=== Data extracts ===
╔══
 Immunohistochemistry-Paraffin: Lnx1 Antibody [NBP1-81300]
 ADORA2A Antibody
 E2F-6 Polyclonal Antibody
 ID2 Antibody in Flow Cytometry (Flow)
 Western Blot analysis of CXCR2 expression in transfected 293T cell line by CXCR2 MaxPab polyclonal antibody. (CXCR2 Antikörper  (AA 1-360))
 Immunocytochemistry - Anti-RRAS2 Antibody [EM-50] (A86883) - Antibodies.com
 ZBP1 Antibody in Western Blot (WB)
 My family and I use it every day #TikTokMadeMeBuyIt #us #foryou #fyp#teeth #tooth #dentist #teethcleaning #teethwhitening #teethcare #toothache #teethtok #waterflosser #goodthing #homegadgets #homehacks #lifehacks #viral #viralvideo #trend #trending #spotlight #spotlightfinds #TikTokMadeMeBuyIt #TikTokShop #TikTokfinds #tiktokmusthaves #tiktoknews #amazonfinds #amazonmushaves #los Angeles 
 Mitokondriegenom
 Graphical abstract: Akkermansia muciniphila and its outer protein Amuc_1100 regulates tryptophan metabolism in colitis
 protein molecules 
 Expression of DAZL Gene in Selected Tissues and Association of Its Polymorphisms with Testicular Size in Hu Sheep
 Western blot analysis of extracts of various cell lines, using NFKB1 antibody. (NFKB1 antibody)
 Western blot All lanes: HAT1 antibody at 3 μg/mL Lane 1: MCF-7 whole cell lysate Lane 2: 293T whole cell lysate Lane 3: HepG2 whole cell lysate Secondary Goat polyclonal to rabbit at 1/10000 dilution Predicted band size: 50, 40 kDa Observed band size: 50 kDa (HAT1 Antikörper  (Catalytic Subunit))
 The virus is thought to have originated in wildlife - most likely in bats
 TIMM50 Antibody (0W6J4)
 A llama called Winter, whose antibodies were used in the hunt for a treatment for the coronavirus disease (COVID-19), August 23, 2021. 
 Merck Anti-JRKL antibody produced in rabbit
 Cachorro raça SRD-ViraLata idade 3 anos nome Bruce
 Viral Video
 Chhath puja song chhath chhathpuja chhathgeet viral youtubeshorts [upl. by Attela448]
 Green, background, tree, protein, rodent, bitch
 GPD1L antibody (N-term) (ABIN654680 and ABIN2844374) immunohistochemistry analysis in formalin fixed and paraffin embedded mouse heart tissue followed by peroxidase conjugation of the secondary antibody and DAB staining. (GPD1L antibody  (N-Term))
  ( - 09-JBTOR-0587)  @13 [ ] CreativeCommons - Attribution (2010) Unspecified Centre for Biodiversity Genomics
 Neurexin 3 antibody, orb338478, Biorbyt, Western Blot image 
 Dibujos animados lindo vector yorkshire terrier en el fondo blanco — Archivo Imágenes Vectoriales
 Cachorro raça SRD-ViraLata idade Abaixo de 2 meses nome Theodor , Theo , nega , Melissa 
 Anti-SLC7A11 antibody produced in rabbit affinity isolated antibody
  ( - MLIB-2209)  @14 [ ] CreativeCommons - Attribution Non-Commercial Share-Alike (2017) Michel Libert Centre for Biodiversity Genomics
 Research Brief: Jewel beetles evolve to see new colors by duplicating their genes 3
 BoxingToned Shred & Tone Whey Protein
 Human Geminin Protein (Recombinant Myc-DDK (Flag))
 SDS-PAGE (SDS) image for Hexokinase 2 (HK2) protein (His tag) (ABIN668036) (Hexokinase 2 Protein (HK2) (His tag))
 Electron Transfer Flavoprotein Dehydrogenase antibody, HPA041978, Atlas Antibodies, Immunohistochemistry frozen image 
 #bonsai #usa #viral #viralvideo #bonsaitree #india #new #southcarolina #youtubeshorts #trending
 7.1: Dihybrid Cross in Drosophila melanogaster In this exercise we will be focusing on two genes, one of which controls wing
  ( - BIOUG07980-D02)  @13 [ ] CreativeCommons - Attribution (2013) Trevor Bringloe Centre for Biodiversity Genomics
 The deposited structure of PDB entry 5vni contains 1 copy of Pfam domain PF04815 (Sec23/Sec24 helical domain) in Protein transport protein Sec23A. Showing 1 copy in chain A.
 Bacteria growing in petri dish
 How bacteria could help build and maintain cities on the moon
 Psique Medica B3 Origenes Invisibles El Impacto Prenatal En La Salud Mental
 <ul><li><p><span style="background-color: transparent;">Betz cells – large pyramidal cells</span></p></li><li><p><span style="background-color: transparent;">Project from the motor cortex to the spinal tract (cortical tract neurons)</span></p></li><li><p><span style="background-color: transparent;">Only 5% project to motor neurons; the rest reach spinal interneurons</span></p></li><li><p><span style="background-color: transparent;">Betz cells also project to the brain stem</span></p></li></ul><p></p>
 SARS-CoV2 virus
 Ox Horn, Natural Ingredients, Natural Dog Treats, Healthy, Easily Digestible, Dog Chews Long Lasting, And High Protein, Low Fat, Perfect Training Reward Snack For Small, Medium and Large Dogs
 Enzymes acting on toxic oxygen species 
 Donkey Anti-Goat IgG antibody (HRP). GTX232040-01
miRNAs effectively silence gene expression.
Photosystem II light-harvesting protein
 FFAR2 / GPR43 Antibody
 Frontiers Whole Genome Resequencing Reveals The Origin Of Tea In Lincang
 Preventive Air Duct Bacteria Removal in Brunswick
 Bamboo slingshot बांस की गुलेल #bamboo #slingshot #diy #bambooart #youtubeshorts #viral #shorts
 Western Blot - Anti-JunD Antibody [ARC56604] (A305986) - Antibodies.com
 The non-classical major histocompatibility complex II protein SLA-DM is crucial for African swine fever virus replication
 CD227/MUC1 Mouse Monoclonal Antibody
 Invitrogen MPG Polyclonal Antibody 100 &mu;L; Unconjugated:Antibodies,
╚══
=== Activity ===
Would you print exactly the lines from the first line of the entries above through the line that has "Expression of DAZL", both included, and stop there?

=== Response below ===
 Immunohistochemistry-Paraffin: Lnx1 Antibody [NBP1-81300]
 ADORA2A Antibody
 E2F-6 Polyclonal Antibody
 ID2 Antibody in Flow Cytometry (Flow)
 Western Blot analysis of CXCR2 expression in transfected 293T cell line by CXCR2 MaxPab polyclonal antibody. (CXCR2 Antikörper  (AA 1-360))
 Immunocytochemistry - Anti-RRAS2 Antibody [EM-50] (A86883) - Antibodies.com
 ZBP1 Antibody in Western Blot (WB)
 My family and I use it every day #TikTokMadeMeBuyIt #us #foryou #fyp#teeth #tooth #dentist #teethcleaning #teethwhitening #teethcare #toothache #teethtok #waterflosser #goodthing #homegadgets #homehacks #lifehacks #viral #viralvideo #trend #trending #spotlight #spotlightfinds #TikTokMadeMeBuyIt #TikTokShop #TikTokfinds #tiktokmusthaves #tiktoknews #amazonfinds #amazonmushaves #los Angeles 
 Mitokondriegenom
 Graphical abstract: Akkermansia muciniphila and its outer protein Amuc_1100 regulates tryptophan metabolism in colitis
 protein molecules 
 Expression of DAZL Gene in Selected Tissues and Association of Its Polymorphisms with Testicular Size in Hu Sheep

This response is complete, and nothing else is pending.